━━ DATASET ENTRIES

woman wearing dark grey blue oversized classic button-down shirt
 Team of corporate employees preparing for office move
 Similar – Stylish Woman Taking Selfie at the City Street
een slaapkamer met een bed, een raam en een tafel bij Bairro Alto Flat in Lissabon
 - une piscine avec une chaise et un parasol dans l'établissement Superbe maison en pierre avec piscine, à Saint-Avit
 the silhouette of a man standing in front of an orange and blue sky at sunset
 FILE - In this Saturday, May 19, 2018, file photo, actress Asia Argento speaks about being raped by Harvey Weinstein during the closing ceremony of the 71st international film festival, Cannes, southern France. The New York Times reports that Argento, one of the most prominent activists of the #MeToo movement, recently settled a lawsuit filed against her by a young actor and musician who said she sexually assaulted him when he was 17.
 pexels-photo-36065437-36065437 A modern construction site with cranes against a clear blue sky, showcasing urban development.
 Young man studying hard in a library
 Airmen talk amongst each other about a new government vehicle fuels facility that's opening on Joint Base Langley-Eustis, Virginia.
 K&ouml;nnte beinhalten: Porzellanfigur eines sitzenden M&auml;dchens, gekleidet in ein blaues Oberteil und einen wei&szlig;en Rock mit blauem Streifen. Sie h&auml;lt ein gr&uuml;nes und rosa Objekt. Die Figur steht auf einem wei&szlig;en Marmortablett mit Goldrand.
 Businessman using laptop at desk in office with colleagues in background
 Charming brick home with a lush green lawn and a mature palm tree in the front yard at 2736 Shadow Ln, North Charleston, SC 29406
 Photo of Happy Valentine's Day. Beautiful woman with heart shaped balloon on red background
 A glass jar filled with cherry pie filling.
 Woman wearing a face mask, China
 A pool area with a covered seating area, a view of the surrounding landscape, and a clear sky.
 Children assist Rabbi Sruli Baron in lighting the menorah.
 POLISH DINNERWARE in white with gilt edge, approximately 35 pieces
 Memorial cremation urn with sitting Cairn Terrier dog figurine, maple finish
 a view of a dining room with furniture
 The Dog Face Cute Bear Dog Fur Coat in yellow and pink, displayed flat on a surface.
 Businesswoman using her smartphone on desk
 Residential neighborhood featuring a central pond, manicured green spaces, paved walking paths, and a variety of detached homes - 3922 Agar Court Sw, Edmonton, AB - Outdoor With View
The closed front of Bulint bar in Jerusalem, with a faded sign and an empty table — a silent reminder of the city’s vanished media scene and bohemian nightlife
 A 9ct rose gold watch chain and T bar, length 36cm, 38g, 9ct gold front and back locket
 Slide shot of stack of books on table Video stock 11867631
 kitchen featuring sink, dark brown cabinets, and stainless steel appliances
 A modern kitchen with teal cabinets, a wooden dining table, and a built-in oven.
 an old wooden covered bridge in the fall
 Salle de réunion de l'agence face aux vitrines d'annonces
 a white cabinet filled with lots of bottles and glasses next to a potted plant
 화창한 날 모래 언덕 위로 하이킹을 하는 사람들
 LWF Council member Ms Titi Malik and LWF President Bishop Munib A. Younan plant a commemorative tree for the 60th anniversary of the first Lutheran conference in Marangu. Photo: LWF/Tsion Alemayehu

━━━━

*ASSIGNMENT:* Begin at the line that has "Photo of Happy" in the entries above; stop after the line that has "Children assist Rabbi". Transcribe exactly those lines and no others.

*ANSWER AREA:*
 Photo of Happy Valentine's Day. Beautiful woman with heart shaped balloon on red background
 A glass jar filled with cherry pie filling.
 Woman wearing a face mask, China
 A pool area with a covered seating area, a view of the surrounding landscape, and a clear sky.
 Children assist Rabbi Sruli Baron in lighting the menorah.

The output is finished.